2. On 9 September 2014 the Secretary of State was granted permission to appeal the judge’s decision on grounds that argued that the judge erred in excusing the claimant’s use of a false vignette to obtain work and finding his action to be “out of character” and also failing to take into account the public interest in discouraging such practices. The grounds also asserted that the judge erred in failing to consider that the time when the claimant had been in a relationship was when his immigration status was precarious and also in finding that the claimant’s desire to continue working in the UK was a factor weighing against removal.
3. On 1 October 2014 the claimant was granted permission to appeal on the basis that the judge failed to determine the argument that the Secretary of State was under a duty to consider paragraph 395C of the Immigration Rules under which discretion has to be exercised by her.

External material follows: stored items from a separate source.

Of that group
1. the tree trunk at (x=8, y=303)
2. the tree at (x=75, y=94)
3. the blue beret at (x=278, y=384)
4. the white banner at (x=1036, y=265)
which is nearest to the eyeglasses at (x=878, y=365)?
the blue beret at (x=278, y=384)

The grounds further submitted that there had been no application for leave to remain and that the provisions of Appendix FM should be read so as to require an applicant to demonstrate living together in a relationship akin to marriage for two years prior to “the appeal”.
4. The claimant first entered the UK on 8 June 1999. He subsequently passed examinations that enabled him to work n the UK. He was last granted leave to remain and work as a postgraduate doctor until 9 March 2007. He failed to apply for his leave to be extended at that time. In January 2008 when he became aware that he had failed to apply in time, the claimant claimed that he panicked. Through a friend and a third party the claimant falsified his passport to include a false vignette. His employers were satisfied of the authenticity of the documents and the claimant continued to work, albeit illegally, within the UK without valid leave.
5. On 14 June 2011 the claimant was stopped by police in Scotland whilst driving. It was discovered that he had remained illegally within the UK. He was subsequently charged and convicted of immigration offences. A decision was made that the claimant should be removed from the UK on 15 June 2011. The appeal against that decision came before Immigration Judge Russell on 4 August 2011.
6. Immigration Judge Russell decided that claimant did have an in-country right of appeal against the decision that he is a person liable to removal under Section 10 of the 1999 Act by virtue of having made a human rights claim. He decided in light of the agreement between the parties at the hearing that the appeal should be allowed as not being in accordance with the law to the limited extent that it would be referred back to the Secretary of State to consider the claimant's matter in relation to paragraph 395C of the Immigration Rules.
7. In response to Immigration Judge Russell’s decision the Secretary of State issued a notice of Immigration Decision dated 9 May 2013 to remove the claimant under Section 10 of the Immigration and Asylum Act 1999 and to refuse his human rights claim. The notice of Immigration Decision was accompanied by a refusal letter also dated 9 May 2013 setting out the reasons for the Secretary of State's decision.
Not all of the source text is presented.